[Brief descriptive captions]
• • • •
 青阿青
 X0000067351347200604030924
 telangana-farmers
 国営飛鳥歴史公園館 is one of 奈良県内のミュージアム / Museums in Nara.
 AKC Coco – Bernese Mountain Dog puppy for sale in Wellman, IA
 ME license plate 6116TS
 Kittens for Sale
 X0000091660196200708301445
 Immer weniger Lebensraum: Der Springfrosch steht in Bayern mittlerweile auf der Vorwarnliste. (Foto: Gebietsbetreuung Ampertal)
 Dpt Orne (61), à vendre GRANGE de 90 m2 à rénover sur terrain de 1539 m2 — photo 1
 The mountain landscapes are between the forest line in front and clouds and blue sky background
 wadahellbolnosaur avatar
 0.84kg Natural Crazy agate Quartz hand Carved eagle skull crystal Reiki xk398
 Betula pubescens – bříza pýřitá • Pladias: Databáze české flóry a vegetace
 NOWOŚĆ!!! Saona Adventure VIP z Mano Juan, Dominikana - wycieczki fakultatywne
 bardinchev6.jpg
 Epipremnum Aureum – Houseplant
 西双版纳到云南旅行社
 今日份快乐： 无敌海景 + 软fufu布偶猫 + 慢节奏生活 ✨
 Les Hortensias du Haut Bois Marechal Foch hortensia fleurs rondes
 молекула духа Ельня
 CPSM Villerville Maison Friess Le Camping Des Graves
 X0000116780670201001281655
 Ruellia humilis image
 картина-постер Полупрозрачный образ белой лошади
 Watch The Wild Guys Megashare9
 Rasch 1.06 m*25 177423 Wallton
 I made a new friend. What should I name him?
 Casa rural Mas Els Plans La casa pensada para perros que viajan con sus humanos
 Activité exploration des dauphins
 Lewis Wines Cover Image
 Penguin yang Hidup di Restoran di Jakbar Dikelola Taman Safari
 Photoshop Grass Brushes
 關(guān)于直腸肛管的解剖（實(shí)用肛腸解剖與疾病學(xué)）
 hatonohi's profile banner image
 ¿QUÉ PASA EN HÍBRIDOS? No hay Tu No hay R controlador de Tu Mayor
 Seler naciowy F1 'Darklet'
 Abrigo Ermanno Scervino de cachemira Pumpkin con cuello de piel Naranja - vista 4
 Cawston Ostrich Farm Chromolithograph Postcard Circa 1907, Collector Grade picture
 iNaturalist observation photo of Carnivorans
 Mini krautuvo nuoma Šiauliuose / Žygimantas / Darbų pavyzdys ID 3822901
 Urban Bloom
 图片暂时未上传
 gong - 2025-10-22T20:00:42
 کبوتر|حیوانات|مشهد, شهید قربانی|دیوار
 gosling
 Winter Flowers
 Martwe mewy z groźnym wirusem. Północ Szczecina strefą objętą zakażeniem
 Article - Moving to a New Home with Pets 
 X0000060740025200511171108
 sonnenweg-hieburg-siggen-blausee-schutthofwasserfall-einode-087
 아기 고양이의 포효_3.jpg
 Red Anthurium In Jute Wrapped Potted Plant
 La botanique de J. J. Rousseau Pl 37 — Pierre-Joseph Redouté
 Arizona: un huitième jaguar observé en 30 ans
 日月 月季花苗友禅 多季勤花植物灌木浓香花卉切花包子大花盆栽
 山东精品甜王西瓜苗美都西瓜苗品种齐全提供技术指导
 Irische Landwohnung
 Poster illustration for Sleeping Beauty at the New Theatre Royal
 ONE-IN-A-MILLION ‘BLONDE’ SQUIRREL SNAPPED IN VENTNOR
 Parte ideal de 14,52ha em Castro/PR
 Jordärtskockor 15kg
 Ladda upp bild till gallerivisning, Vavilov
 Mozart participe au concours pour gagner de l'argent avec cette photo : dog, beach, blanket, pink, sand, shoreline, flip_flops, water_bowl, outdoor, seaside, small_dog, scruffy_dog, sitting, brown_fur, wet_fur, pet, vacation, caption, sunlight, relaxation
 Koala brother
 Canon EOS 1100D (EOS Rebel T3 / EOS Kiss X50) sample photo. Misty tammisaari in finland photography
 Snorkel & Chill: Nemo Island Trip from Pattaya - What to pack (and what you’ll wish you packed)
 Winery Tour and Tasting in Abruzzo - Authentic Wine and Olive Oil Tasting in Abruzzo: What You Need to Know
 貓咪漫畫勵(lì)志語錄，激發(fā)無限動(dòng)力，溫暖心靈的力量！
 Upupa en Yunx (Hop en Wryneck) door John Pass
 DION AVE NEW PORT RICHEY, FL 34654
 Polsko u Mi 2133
• • • •
- **Assigned task**
Set down, exactly as they stand above, the lines starting with the line with "아기 고양이의 포효_3.jpg" and going on through the line with "Ladda upp bild till gallerivisning, Vavilov", and no others.

- **Output of the exercise**
 아기 고양이의 포효_3.jpg
 Red Anthurium In Jute Wrapped Potted Plant
 La botanique de J. J. Rousseau Pl 37 — Pierre-Joseph Redouté
 Arizona: un huitième jaguar observé en 30 ans
 日月 月季花苗友禅 多季勤花植物灌木浓香花卉切花包子大花盆栽
 山东精品甜王西瓜苗美都西瓜苗品种齐全提供技术指导
 Irische Landwohnung
 Poster illustration for Sleeping Beauty at the New Theatre Royal
 ONE-IN-A-MILLION ‘BLONDE’ SQUIRREL SNAPPED IN VENTNOR
 Parte ideal de 14,52ha em Castro/PR
 Jordärtskockor 15kg
 Ladda upp bild till gallerivisning, Vavilov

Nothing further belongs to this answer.